On the domestic front there are also doubts about legitimate authority. Recently, Senator Robert C. Byrd (D., W. Va.) urged the Senate to play a central role in determining whether our nation should invade Iraq. According to the Constitution, he insisted, it is the role of the Congress to declare war. “I am determined to do everything in my power to prevent this country from becoming involved in another Vietnam nightmare,” he declared. “This determination begins with Congress being fully and sufficiently informed on the undertakings of our government, especially if it involves the commitment to military action.”

Proportionality and noncombatant immunity? The principles of proportionality and noncombatant immunity concern how much force is morally appropriate and who are legitimate targets of war. They distinguish the legitimate conduct of war from acts of murder. Too often our country fails to honor these principles.

According to military analyst William Arkin, the Pentagon fails to take civilian casualties with sufficient seriousness. Having surveyed recent U.S. military engagements in the gulf war, the Balkans and Afghanistan, Arkin concludes that though some progress has been made, U.S. efforts are just not good enough. “The U.S. military can assert all it wants that it takes ‘all’ measures to minimize civilian harm. But until it is willing to actually study why civilians die in conflict, it is an assertion that has little credibility.”

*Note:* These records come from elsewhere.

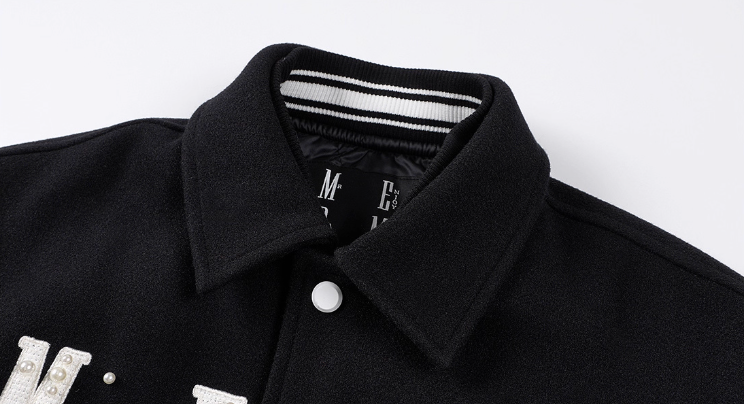 MEDM Pearl Logo Color Block Varsity Jacket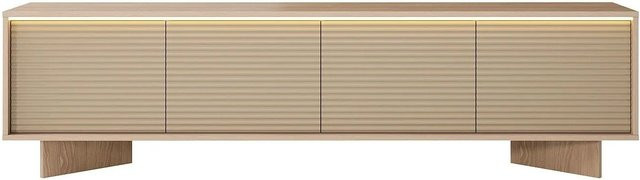 Vente-unique TV-Board Mayrona in Beige Naturfarben Hell, B: 204 cm, H: 40 cm, T: 54,4 cm - Bild 1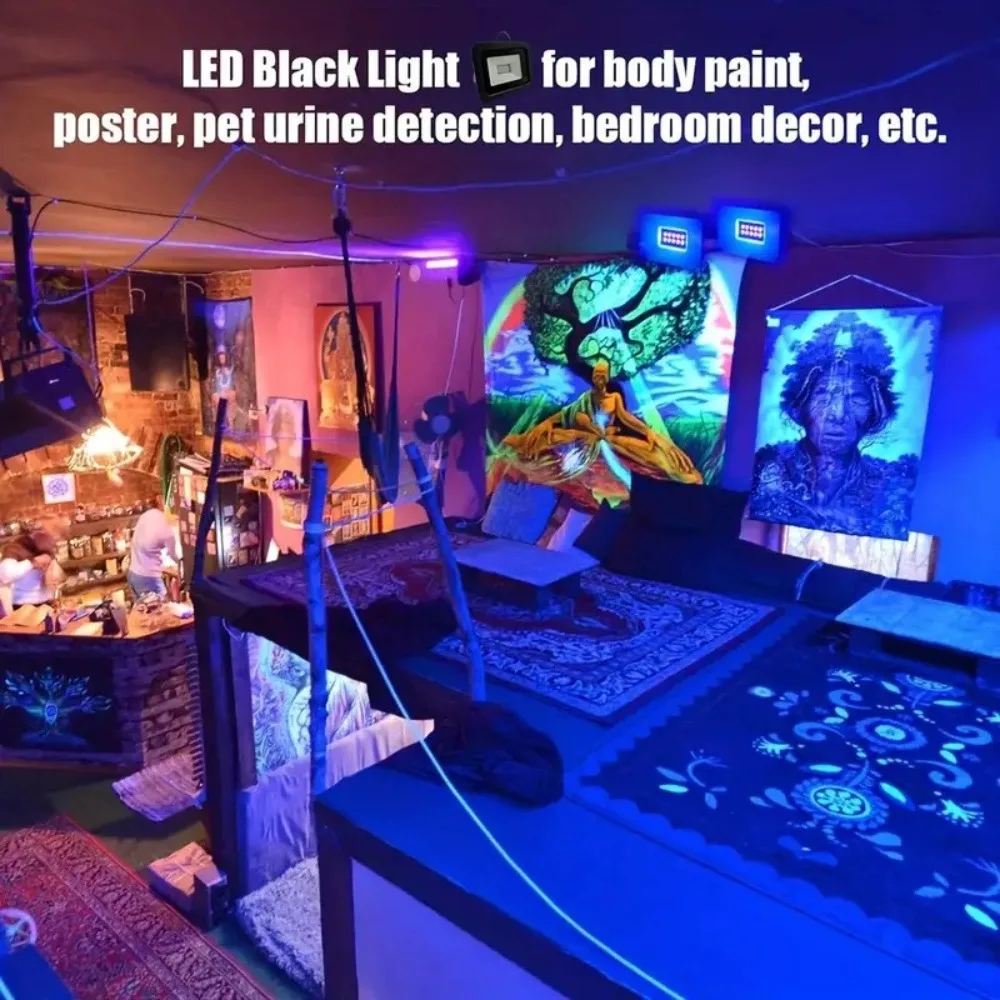 항균 5V USB UV LED 투광등 고출력 10W UVA 투광등 방수 휴대용 UV 형광등 분위기 조명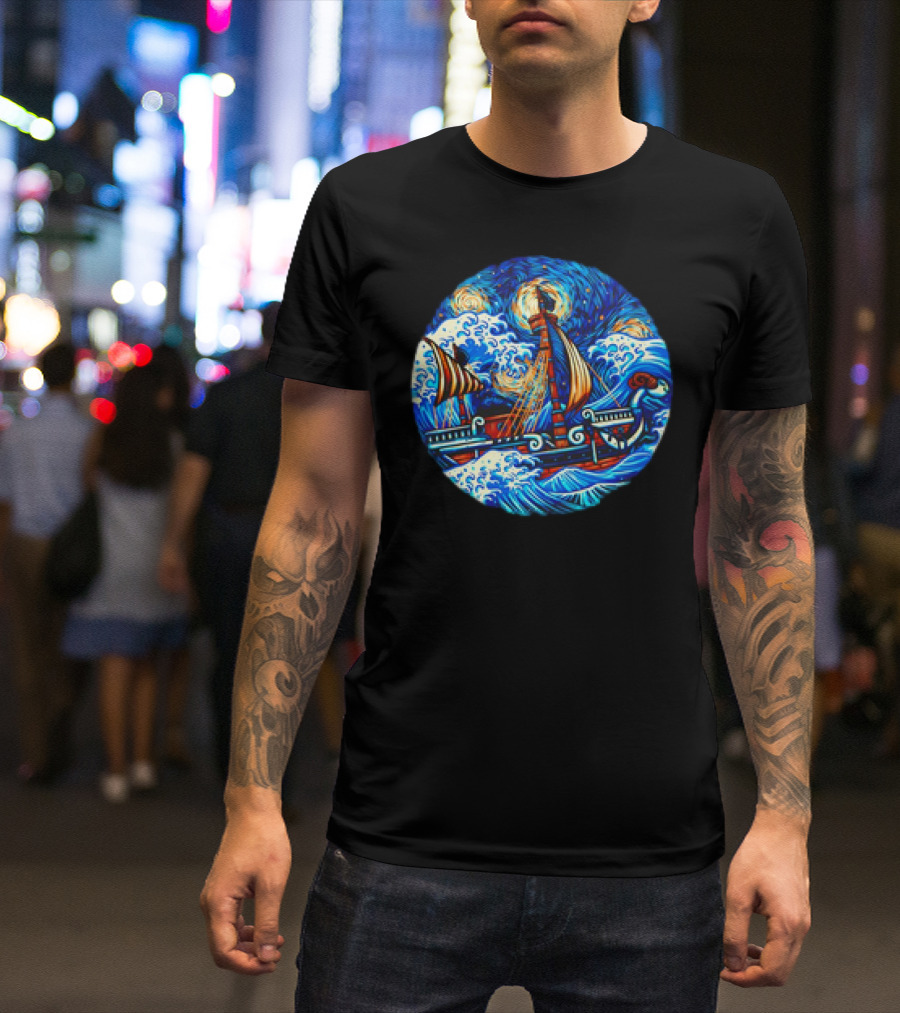 Going Merry One Piece Pirate Ship Van Gogh Wave T-Shirt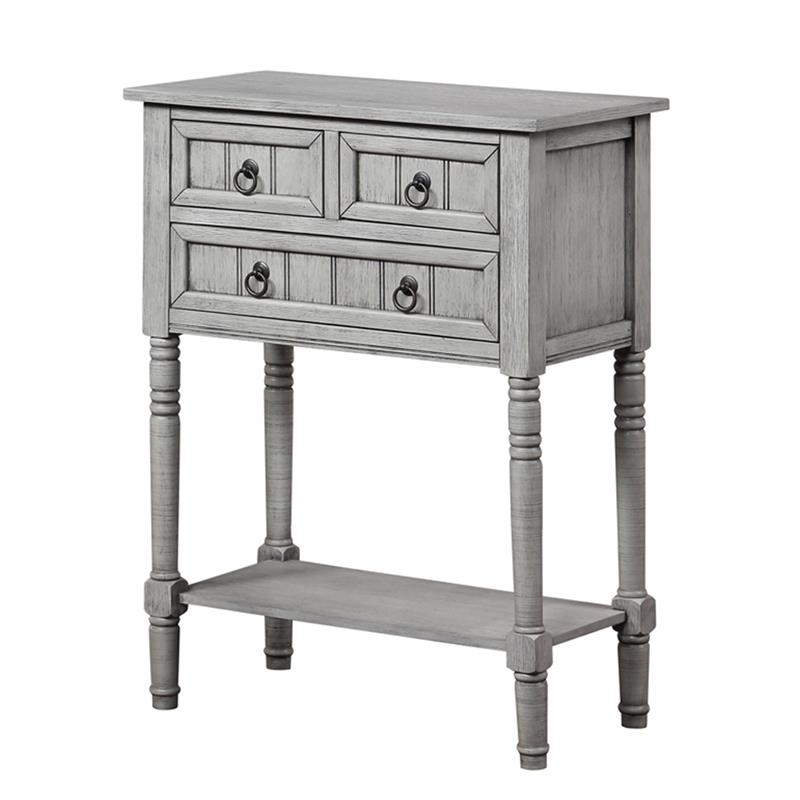 Kendra Three-Drawer Hall Table with Shelf in Gray Wood Finish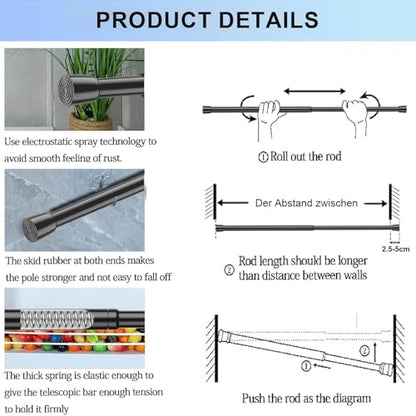 AIZESI 2pcs Spring Tension Rods Adjustable 26 to 39 inch, Black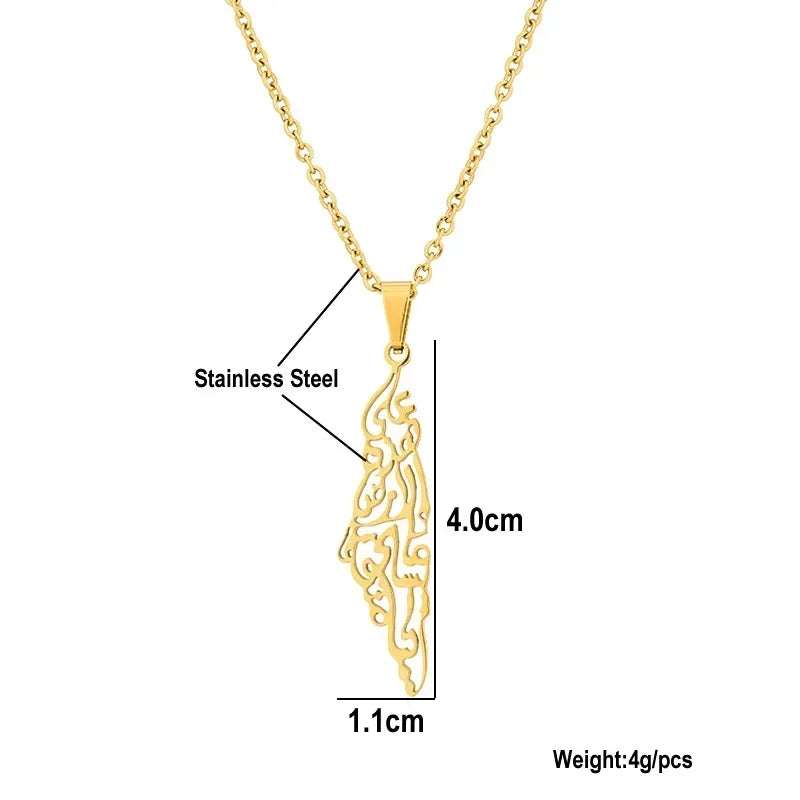 YILUOCD Palestine Map Pendant Necklace Arabic National Jewelry Fashion Stainless Steel Israel Chain Necklaces for Women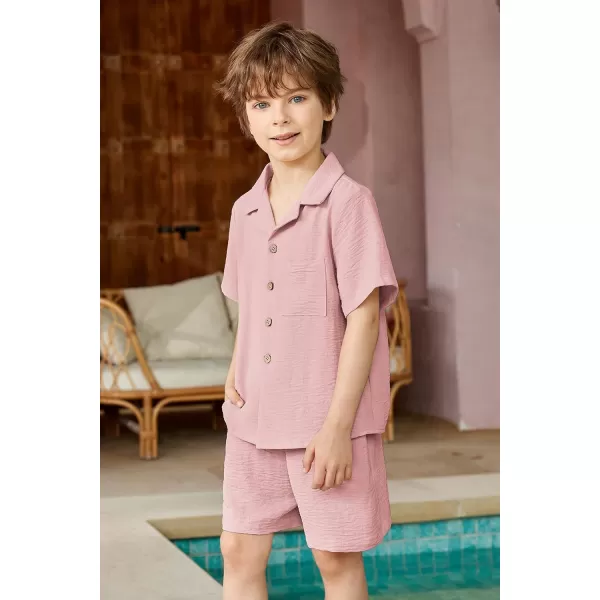 Arshiner Boys 2 Pieces Summer Beach Outfits Short Sleeve Button Down Shirts and Shorts Vacation Texture Sets for Kids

The planned U.S. preemptive strike will take place against the background of comprehensive UN sanctions that have already wreaked havoc on civilians. They have devastated the weakest and most vulnerable members of Iraqi society: the poor, the elderly, the sick, the newborn and the young. According to UN reports, over 1 million civilians, the vast majority of whom are children and the elderly, have died since 1990 because of this suffocating blockade. UNICEF officials estimate that in 2000 more than 5,000 children were dying each month primarily because of the sanctions.

From this perspective, the planned invasion will be a continuation of outrages begun by other means. Cluster bombs, like those used in Afghanistan, and other ghastly weapons dropped from 15,000 feet are sure to produce massive civilian casualties. Earlier this year, in a change of official policy, our government even announced a possible “first-use” strategy of “low yield” nuclear weapons. Richard Perle, chairman of the Defense Policy Board that advises the defense secretary, has said: “No strategist would reject, in principle, using nuclear weapons against Iraq.”

George Kennan observed years ago that just war principles mean little without a commitment to keep civilian casualties to the absolute minimum, “even at the cost of military victory.” The just war tradition requires that “victory” alone cannot be the overriding goal.